En France, l’état de la société est telle que l’on peut parler d’inégalités socio-économiques et de violences sexistes/sexuelles, et chaque gouvernement essaie d’y remédier. Et aucun parti politique ne remet en question l’égalité des droits et des chances entre hommes-femmes. Donc parler de « Patriarcat » revient à construire un moulin à vent qui peut être contre-productif. Puis à s’empêtrer dans des joutes verbales sur les mots. Le tout pour légitimer la misandrie et la « guerre des sexes ». Le tout pour devenir un outil de biopouvoir et de biopolitique. Le tout pour s’enfermer dans de nouveaux sectarismes, dans du charlatanisme messianique éculé, en croyant réinventer l’eau chaude et le sexe. Le tout pour régler des comptes personnels, en perdant de vue l’idéal d’égalité des DROITS ET DES CHANCES.
Le tout pour devenir un outil du néolibéralisme, en accumulant mauvaise interprétation sur mauvaise interprétation, paranoïa sur paranoïa, appel à la haine et à la guerre sociale, en devenant, comme les mâles, des individues néolibérales, producteurices-consommateurices, avides de dominations, de pouvoirs, de violences, de cruautés, en perdant sa féminité et donc son humanité, et au lieu de « féminiser le pouvoir » comme certains romantiques pouvaient l’espérer, « militariser les féminités » et « masculiniser la féminité », démonstration tragi-comique, de l’existence de la féminité et de la masculinité.
On passe de « il est légitime que les femmes et les hommes aient les mêmes droits et les mêmes devoirs, quels que soient leurs différences biologiques », à « les hommes sont mes ennemis et je dois me militariser ou me masculiniser pour les dominer et leur faire violence ».
Entre-temps les patrons d’IKEA hommes comme femmes continueront à faire des bénéfices, et à financer METOO pour compenser les 5% ou 10% d’écarts de salaires à poste égal, toutes choses étant égales par ailleurs, du fait que c’est souvent les femmes qui s’occupent des bébés, AMAZON continuera d’exploiter ses salarié.e.s, et les femmes deviendront des « variables d’ajustement » dans le Capitalisme numérique de Peter Thiels, Alex Karp, Elon Musk, Georges Soros, et quelques autres.
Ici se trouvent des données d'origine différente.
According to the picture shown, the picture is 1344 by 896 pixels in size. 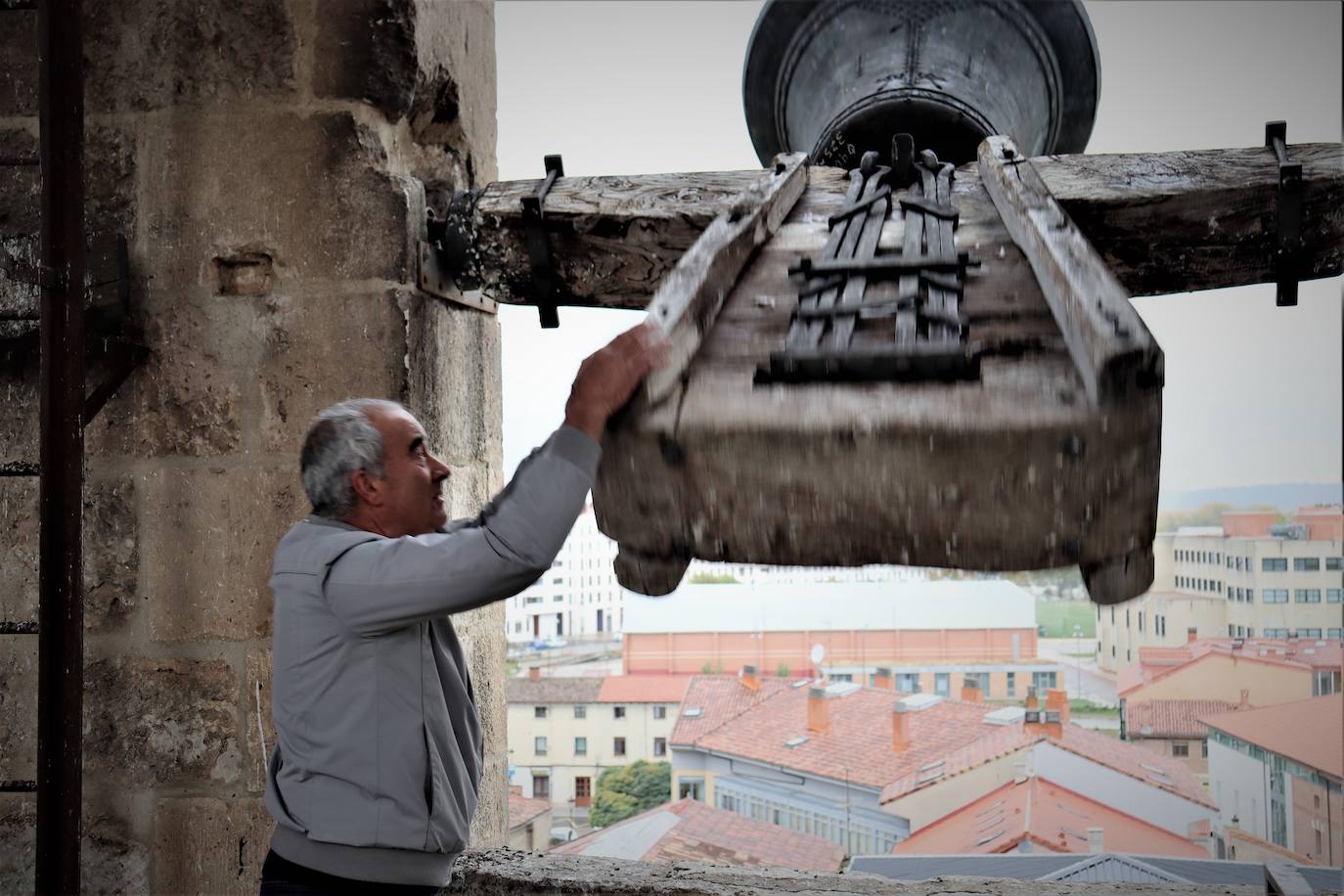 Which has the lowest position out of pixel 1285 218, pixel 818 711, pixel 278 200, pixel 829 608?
pixel 818 711

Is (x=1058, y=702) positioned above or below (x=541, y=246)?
below

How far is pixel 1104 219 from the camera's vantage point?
1.75 meters

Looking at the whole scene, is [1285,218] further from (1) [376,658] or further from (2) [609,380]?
(1) [376,658]

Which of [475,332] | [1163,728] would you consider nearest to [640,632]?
[475,332]

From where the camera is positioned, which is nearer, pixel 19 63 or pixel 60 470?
pixel 60 470

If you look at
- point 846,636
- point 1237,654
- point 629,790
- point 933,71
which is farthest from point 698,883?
point 933,71

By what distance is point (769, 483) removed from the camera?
1021 millimetres

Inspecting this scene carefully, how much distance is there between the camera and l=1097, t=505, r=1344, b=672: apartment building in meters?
2.41

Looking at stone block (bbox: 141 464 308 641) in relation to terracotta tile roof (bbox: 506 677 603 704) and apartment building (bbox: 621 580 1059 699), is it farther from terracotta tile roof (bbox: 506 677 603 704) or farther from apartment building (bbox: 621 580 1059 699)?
apartment building (bbox: 621 580 1059 699)

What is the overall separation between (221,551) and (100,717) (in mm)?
400

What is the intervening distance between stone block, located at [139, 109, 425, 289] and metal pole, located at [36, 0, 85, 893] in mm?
199

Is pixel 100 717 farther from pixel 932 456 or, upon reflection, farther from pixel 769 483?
pixel 932 456

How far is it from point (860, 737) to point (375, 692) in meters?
1.57

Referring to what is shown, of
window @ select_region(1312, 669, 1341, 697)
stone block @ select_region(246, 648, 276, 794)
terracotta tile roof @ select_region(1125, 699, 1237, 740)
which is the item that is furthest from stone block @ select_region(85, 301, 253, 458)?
window @ select_region(1312, 669, 1341, 697) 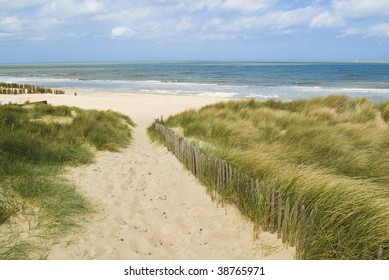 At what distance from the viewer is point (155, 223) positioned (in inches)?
181

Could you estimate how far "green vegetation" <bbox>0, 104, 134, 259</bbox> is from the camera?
3.75 m

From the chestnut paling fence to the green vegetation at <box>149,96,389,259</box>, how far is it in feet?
0.10

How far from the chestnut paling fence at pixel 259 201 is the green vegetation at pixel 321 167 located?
31 mm

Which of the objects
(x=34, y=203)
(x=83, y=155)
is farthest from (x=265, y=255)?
(x=83, y=155)

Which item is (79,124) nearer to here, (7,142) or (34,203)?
(7,142)

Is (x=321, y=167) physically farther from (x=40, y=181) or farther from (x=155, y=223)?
(x=40, y=181)

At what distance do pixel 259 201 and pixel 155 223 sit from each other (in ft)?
5.27

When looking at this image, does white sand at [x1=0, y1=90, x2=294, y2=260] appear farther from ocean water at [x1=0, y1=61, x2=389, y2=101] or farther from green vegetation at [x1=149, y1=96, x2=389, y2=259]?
ocean water at [x1=0, y1=61, x2=389, y2=101]

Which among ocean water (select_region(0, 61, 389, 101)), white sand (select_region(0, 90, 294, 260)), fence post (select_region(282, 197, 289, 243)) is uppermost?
ocean water (select_region(0, 61, 389, 101))

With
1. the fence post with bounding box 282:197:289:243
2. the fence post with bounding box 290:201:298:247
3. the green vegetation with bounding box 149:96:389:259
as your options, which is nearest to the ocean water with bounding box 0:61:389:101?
the green vegetation with bounding box 149:96:389:259

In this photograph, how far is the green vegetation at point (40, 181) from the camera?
375 centimetres

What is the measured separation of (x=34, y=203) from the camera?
14.4 feet

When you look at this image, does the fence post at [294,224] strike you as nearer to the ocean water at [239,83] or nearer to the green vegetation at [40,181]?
the green vegetation at [40,181]

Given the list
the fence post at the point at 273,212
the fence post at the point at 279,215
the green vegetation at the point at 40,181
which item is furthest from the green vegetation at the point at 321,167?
the green vegetation at the point at 40,181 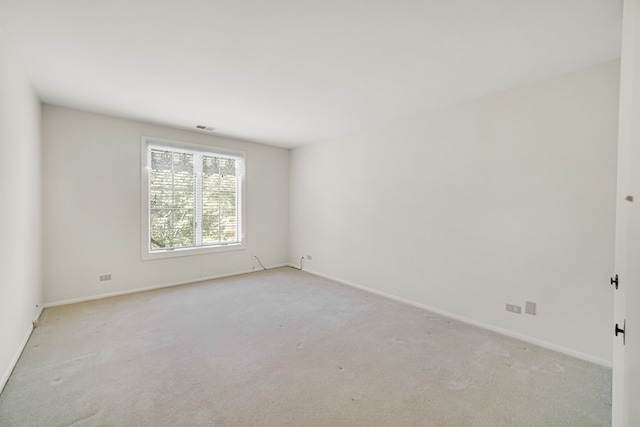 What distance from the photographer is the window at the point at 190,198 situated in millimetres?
4211

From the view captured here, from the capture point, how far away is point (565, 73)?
2.47 m

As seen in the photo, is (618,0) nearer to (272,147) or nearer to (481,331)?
(481,331)

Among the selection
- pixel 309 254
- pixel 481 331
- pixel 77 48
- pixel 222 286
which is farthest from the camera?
pixel 309 254

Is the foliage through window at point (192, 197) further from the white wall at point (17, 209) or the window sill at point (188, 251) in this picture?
the white wall at point (17, 209)

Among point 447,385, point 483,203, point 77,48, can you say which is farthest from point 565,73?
point 77,48

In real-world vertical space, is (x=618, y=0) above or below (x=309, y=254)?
above

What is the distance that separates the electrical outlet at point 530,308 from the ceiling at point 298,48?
2.15 m

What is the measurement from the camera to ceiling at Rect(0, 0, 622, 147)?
1.73 m

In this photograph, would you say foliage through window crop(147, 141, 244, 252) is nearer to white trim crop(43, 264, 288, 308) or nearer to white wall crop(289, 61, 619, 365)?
white trim crop(43, 264, 288, 308)

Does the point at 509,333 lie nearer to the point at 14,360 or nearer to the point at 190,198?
the point at 14,360

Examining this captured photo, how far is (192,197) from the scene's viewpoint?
15.1ft

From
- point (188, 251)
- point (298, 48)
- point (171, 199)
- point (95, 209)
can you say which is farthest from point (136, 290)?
point (298, 48)

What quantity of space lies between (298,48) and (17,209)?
2.75 metres

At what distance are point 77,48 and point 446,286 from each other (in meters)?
4.23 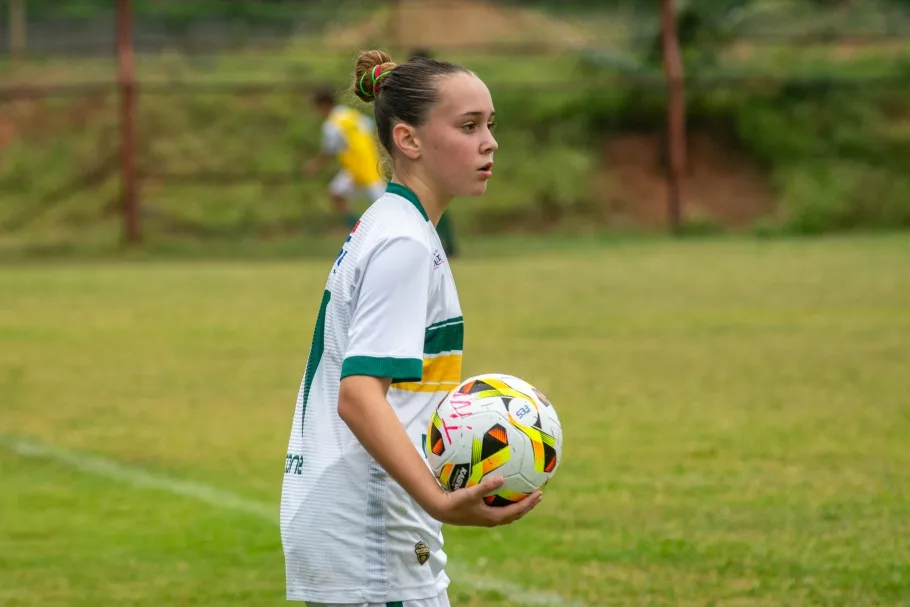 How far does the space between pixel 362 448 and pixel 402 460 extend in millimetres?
230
Et d’autres femmes continueront à utiliser, rationnellement, des stratégies matrimoniales : être mannequin et se marier avec un milliardaire, cela aussi est efficace. Et si je pouvais être mannequin et me marier avec une femme milliardaire, je le ferais (mais c’est vrai qu’il n’y en a pas beaucoup, et est-ce parce que les femmes sont moins attirées, statistiquement, par la TECH, ou bien parce qu’on ne leur donne pas suffisamment la parole en cours de maths aux USA, ou bien parce que les Fonds de « Capital Vulture » prêtent moins aux femmes qu’aux hommes du fait de clichés de genre, que certaines femmes reproduisent par elles-mêmes comme des grandes… je pense que cela doit être un peu toussa, car en sociologie rien n’est « mono-causal », ou du moins rarement….. ).